*** Opening of Data for analysis ***
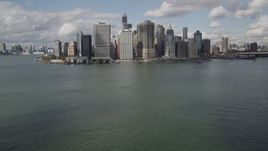 4K aerial stock footage Tilt up from bay to reveal Lower Manhattan skyscrapers, New York, New York Aerial Stock Footage | AX87_046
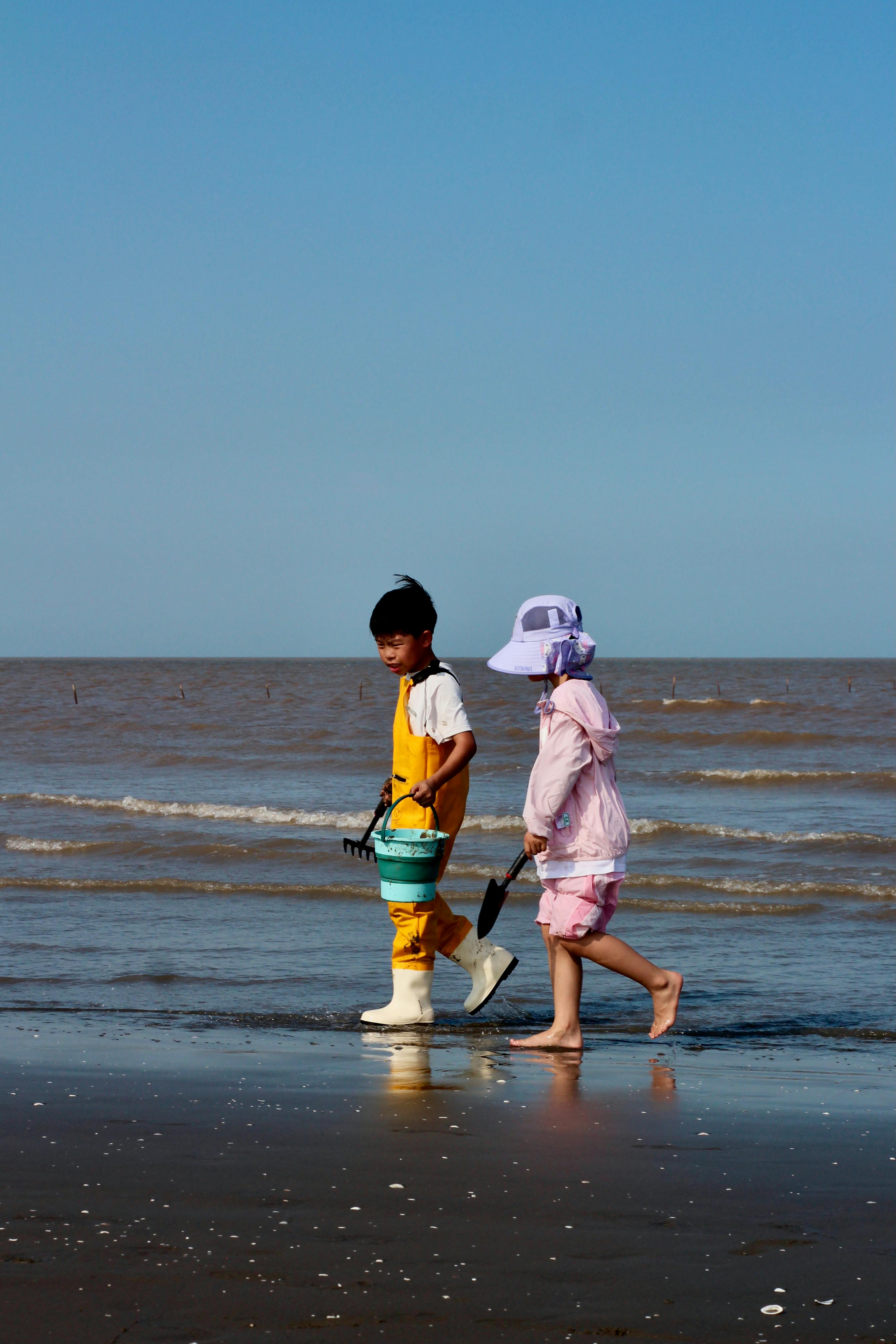 ฟรี เด็กสองคนสำรวจชายหาดทรายพร้อมถังน้ำใต้ท้องฟ้าสีฟ้าใส คลังภาพถ่าย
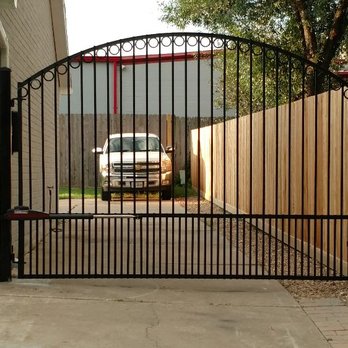 Premier Automated Gates - 10' swing gate with a single arch, doggie bars across the bottom with a Liftmaster LA400 installed. - Home Services Near Me - Brookshire, Texas Premier Automated Gates - 10' swing gate with a single arch, doggie bars across the bottom with a Liftmaster LA400 installed. - Home Services Near Me - Brookshire, Texas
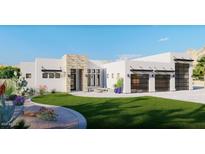 Single-story home with stucco exterior, stone accents, and 3-car garage at 28021 N 156Th St, Scottsdale, AZ 85262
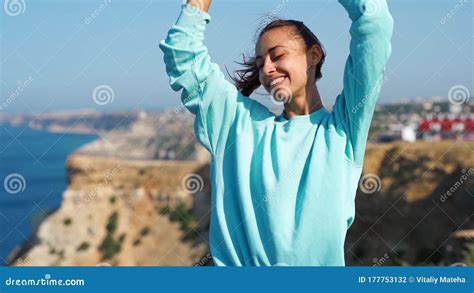 Portrait Of Happy Young Woman Standing On Cliff Edge Against Amazing Seascape And Sky Hair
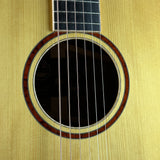 Close-up of a guitar's soundhole and strings on a beige background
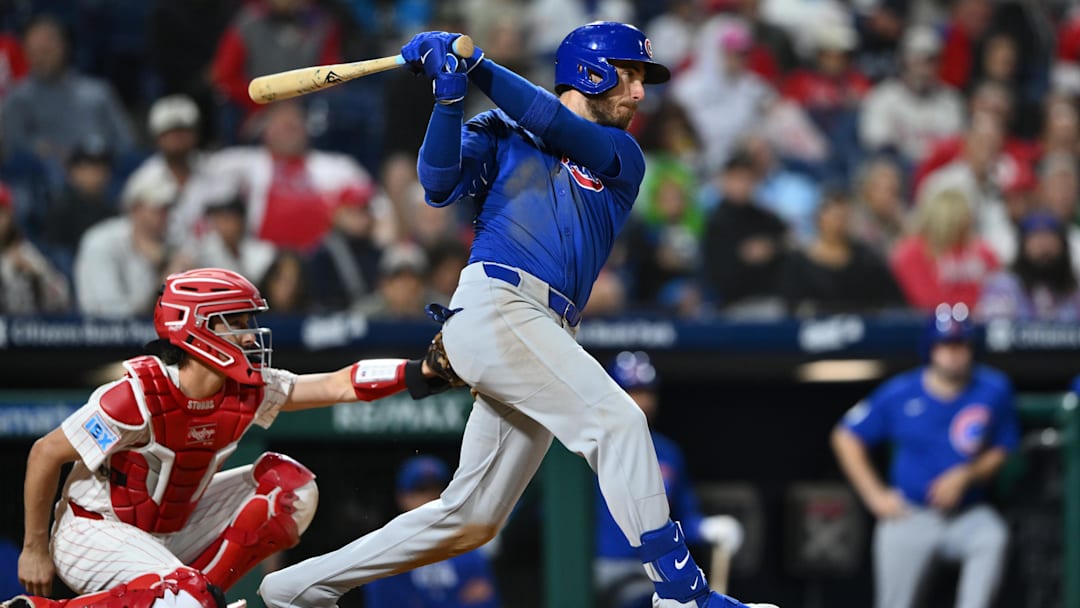 Sep 24, 2024; Philadelphia, Pennsylvania, USA; Chicago Cubs outfielder Cody Bellinger (24) hits a single against the Philadelphia Phillies in the eighth inning at Citizens Bank Park. Mandatory Credit: Kyle Ross-Imagn Images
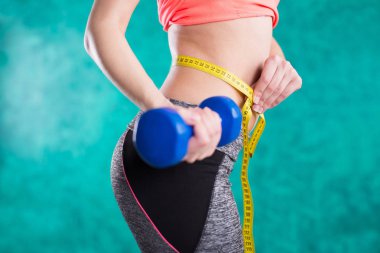 Spor fitness kızla dumbell ve tape ölçmek için diyet - turkuaz arka plan üzerinde izole. Tatlılar sağlıksız. Abur cubur. Diyet, sağlıklı beslenme.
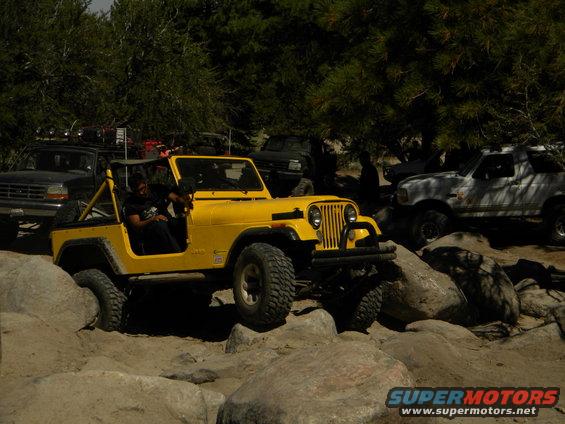 Yellow Jeep CJ-7 navigating rocks, with other off-road vehicles in the background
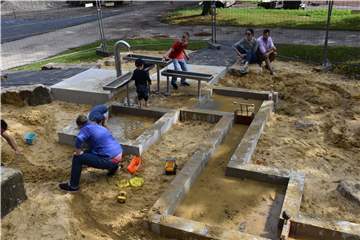 Zahlreiche Kinder und auch die Eltern spielen mit Wasser und Sand.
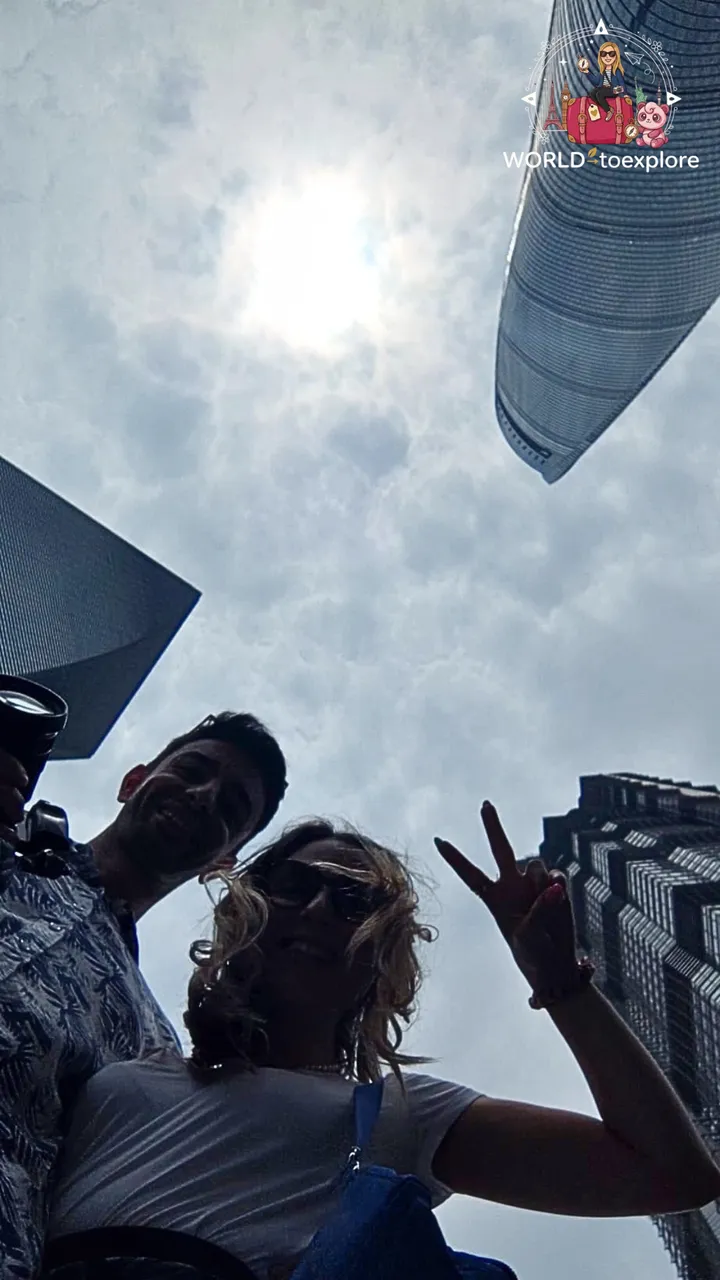 Low-angle selfie of the couple, with the Shanghai Tower rising into the sky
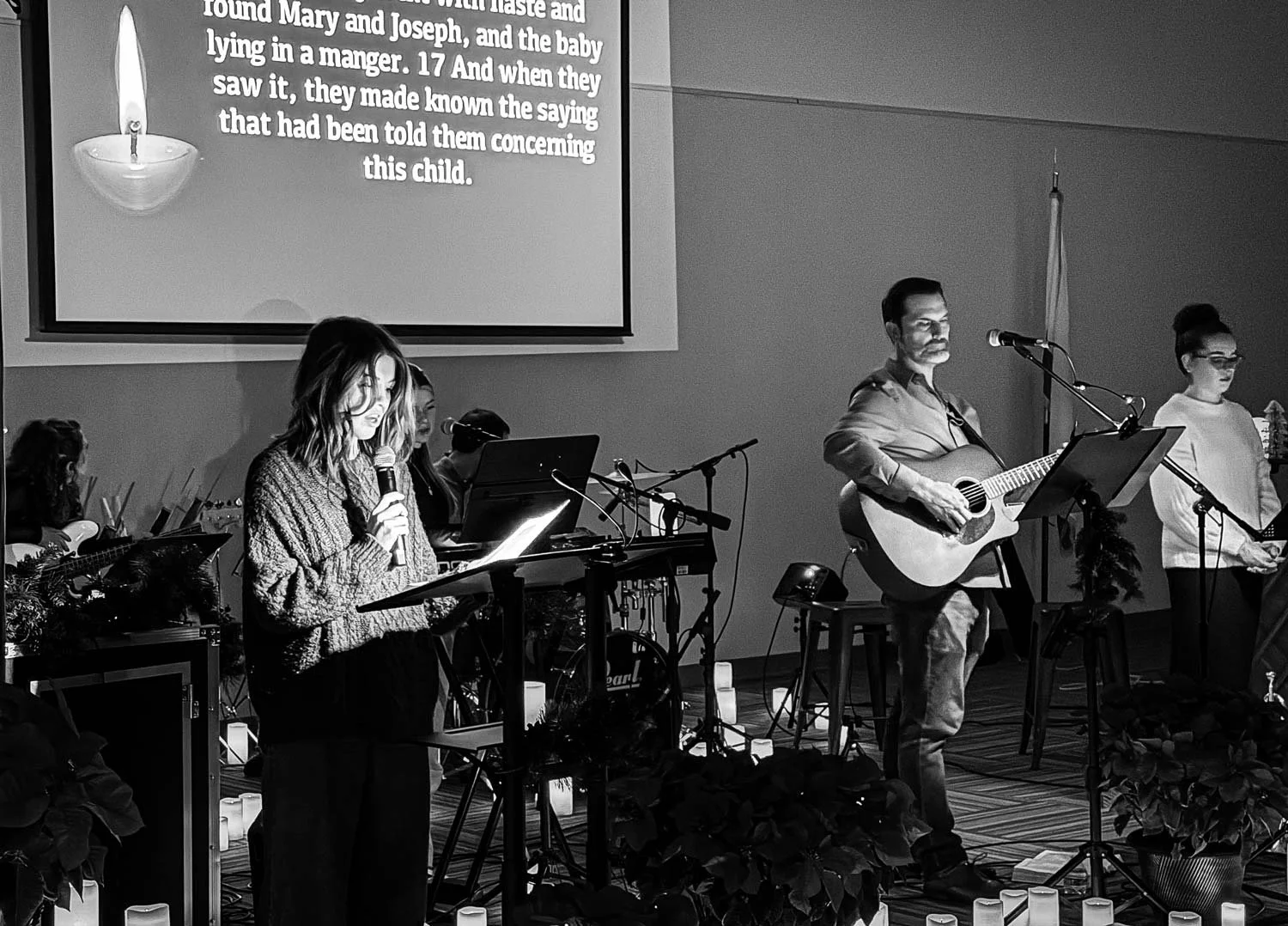 A group of musicians performing on stage with a woman holding a microphone and a man playing a guitar, with a large screen displaying text about a biblical story in the background. The stage is decorated with candles and plants.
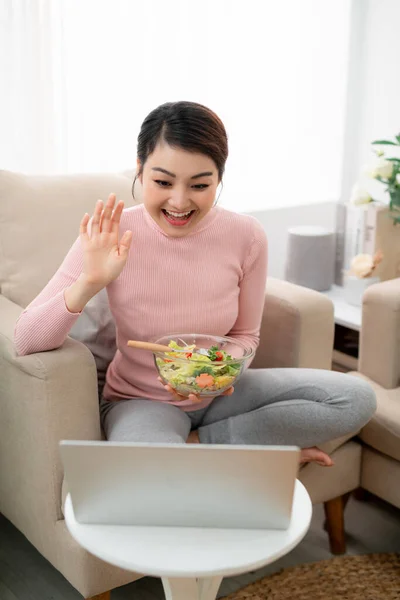 Hermosa Joven Sentada Sofá Comiendo Una Ensalada Saludable Usando Una — Foto de Stock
*** Close of Data for analysis ***
### What you have to do
Print nothing but the lines above starting with the line that contains "Close-up of a" and going on through the line that contains "Sep 24, 2024;". Leave out the pictures.

### Exercise output
 Close-up of a guitar's soundhole and strings on a beige background
 Sep 24, 2024; Philadelphia, Pennsylvania, USA; Chicago Cubs outfielder Cody Bellinger (24) hits a single against the Philadelphia Phillies in the eighth inning at Citizens Bank Park. Mandatory Credit: Kyle Ross-Imagn Images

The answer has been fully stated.